Drive-Through Remote Call Centers

The NY Times (via cNet) has an update on the novel concept being tested by some McDonalds restaurants: using a remote call center to take drive-through orders. The VoIP-based business surfaced in mid-2004 (BrandAutopsy), with followups in early (CommWeb, MSNBC) and mid-2005.

An early headquarters contract with Oak Brook, IL SEI Information Technology (relationship to Verety?) promised “professional order taker[s] with strong communications skills whose job is to do nothing but take down orders.” A Colorado franchise-holder, Steve Bigari, expanded his call center so that it could serve more than his own McDonalds stores. Bronco Communications is featured in the current NYT article — suggesting there are at least three firms providing this service to hamburger chains.

Hardee’s — a regional fast-food chain — began testing remote call centers for order-taking in early 2005, according to the Dallas Morning-News (via the Tennessean). The jury remains out at Wendy’s, according to the NYT.

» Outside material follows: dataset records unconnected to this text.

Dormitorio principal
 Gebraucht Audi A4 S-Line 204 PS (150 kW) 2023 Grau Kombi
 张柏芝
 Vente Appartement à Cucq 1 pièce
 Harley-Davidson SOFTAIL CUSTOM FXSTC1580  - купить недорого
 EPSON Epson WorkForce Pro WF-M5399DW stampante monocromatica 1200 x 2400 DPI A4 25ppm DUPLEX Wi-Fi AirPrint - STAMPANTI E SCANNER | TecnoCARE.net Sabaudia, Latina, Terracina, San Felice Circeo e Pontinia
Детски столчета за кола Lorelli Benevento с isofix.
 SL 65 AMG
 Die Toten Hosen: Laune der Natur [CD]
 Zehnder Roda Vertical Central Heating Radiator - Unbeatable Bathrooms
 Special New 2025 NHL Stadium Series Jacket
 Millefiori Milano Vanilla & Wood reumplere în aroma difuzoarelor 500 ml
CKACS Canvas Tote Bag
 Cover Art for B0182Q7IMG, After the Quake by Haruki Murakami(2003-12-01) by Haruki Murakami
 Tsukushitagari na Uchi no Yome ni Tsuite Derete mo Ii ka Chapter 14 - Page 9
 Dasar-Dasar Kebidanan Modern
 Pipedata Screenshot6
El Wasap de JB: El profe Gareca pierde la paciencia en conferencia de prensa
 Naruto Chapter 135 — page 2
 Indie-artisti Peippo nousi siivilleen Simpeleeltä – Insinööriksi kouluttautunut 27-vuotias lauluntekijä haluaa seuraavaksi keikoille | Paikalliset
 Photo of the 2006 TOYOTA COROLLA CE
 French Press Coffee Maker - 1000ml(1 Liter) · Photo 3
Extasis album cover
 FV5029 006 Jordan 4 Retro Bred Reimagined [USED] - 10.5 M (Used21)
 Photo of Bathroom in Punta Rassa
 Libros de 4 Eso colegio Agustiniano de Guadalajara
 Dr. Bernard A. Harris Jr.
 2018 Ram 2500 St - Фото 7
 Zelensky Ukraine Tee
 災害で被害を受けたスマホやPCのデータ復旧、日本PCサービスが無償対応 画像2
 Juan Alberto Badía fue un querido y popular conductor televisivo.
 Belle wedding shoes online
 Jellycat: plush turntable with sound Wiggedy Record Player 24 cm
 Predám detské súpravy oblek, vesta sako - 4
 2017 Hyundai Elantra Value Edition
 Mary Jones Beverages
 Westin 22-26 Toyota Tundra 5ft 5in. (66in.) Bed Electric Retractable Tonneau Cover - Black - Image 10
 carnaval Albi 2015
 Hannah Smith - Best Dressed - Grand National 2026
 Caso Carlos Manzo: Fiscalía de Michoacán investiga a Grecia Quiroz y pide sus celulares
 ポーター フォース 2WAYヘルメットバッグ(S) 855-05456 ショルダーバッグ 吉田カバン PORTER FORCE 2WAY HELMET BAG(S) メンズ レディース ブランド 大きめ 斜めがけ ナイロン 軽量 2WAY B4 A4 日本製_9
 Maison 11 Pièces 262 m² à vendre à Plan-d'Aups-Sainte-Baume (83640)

Is this the modern day equivalent of piece-work?

The NYT article says that Bronco employees “[take] up to 95 orders an hour during peak times.” They have no health benefits and “earn the minimum wage ($6.75 an hour in California).”

Software, monitored by managers, measures both speed (how fast the
employee is on the mouse) and productivity (number of orders processed,
upsales, etc). From the NYT: “every so often a red
box pops up on her screen to test whether she is paying attention. She
is expected to click on it within 1.75 seconds. In the break room, a
computer screen lets employees know just how many minutes have elapsed
since they left their workstations.”

We’re using technology to enforce an industrial-age assembly-line workflow. Is this really how we want to use technology?

Contrast that with another firm, which is testing having employees work from their homes — a distributed call center network.

All the articles I’ve
read so far have been originated in the rah-rah business section/trade press. Conspicuously absent: any data (comparative or otherwise) on repetitive-stress injuries.

Talkr automagic podcast of this post.

By Kathy E. Gill

Digital evangelist, speaker, writer, educator. Transplanted Southerner; teach newbies to ride motorcycles! @kegill

One reply on “Drive-Through Remote Call Centers”

Your article is over 2 years old, so I wonder how things have fared over the past years. Have their been any studies looking at your concerns?

In today’s economic times, any job may just be good enough. Enjoy it now, because I just thought of a simple way to allow people to order their food through a simple iPhone App. That’s great – remove the people totally.